I dati sono inquietanti: di qui al 2030, per effetto del calo demografico, mancheranno all’appello 150mila lavoratori l’anno con la conseguenza che la platea degli occupabili si ridurrà di circa 805mila unità. Altrettanto preoccupante è la statistica riguardante le difficoltà nel reperire personale: nel 2023 il 45% delle assunzioni pianificate era difficile da portare a termine, con sensibili differenze; per i lavoratori a basso livello d’istruzione, il problema è la numerosità perché sono più del 50% rispetto alla domanda; per quelli ad alto livello d’istruzione, invece, il problema è il disallineamento tra la loro specializzazione e quella richiesta dal mercato. E poi c’è il problema dei Neet: dopo la Romania, l’Italia ha la più alta percentuale di giovani che non studiano né lavorano, con punte preoccupanti in regioni meridionali come Calabria, Sicilia e Puglia.
In questo contesto si inserisce la riforma Valditara che rivede in via sperimentale i percorsi formativi degli istituti tecnici e professionali in quattro anni di studi superiori, agganciandoli al percorso biennale degli Its che hanno l’obiettivo di formare tecnici di alta specializzazione. Il diploma, però, consentirà anche l’accesso all’università o direttamente al mondo del lavoro.

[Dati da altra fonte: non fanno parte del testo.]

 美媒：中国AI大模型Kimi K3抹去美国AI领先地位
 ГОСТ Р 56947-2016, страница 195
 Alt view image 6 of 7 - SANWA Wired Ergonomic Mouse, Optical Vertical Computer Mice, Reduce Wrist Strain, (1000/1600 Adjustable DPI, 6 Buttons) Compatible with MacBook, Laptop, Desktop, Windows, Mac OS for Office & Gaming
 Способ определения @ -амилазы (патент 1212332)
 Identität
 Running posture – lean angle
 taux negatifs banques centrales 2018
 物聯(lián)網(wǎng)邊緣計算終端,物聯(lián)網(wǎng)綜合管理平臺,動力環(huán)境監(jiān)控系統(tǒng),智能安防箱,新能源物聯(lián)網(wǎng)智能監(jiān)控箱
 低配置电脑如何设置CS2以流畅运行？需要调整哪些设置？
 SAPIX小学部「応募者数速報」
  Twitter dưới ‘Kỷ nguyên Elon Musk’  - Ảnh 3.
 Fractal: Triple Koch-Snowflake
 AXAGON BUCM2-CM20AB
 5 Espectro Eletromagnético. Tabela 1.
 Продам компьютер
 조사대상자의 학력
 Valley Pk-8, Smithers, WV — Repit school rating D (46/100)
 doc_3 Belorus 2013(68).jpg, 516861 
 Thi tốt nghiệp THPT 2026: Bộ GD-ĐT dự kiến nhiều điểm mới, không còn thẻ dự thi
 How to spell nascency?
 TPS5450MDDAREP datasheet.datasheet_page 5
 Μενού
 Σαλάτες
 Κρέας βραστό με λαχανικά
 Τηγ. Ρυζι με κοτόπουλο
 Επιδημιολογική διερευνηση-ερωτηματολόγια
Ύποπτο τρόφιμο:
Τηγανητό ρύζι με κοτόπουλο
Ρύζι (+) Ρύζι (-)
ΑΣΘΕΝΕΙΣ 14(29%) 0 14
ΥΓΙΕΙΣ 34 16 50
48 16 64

La filiera introdotta a partire dal prossimo anno è costituita da specifici percorsi sperimentali quadriennali del secondo ciclo di istruzione e dai percorsi formativi degli istituti tecnologici superiori (Its Academy), oltre ai percorsi di istruzione e formazione professionale (IeFp) e dai percorsi di istruzione e formazione tecnica superiore (Ifts). Si prevedono il rafforzamento delle competenze nelle materie di base, dove i rendimenti sono più bassi per gli studenti degli istituti tecnici e professionali, e l’ampliamento delle competenze specialistiche, con maggiori attività di laboratorio, incremento delle attività in azienda e presenza tra i docenti anche di esperti provenienti dal mondo del lavoro. Nell’ambito della filiera, Regioni e Uffici scolastici regionali possono stipulare accordi per integrare e ampliare l’offerta formativa dei percorsi sperimentali e dei percorsi di istruzione e formazione professionale, in funzione delle esigenze specifiche dei territori.
Si tratta di una riforma tanto coraggiosa quanto necessaria, se si considera che la mancanza di manodopera è il primo problema per lo sviluppo aziendale, ben davanti ai costi delle materie prime, e in alcuni settori e territori lambisce addirittura il 60%. Ecco perché, come precisato dai vertici di Legacoop, occorre un cambio di mentalità: istruzione, formazione, politiche attive del lavoro sono la soluzione sia ai problemi delle persone sia del sistema produttivo. Perciò sono indispensabili interventi per adeguare le competenze alle necessità del mondo del lavoro e un approccio pragmatico e non ideologico al tema dell’immigrazione: la riforma Valditara è un primo passo, ma adesso al Governo tocca fare il secondo. Nell’interesse di tutti, a cominciare dai giovani del Sud.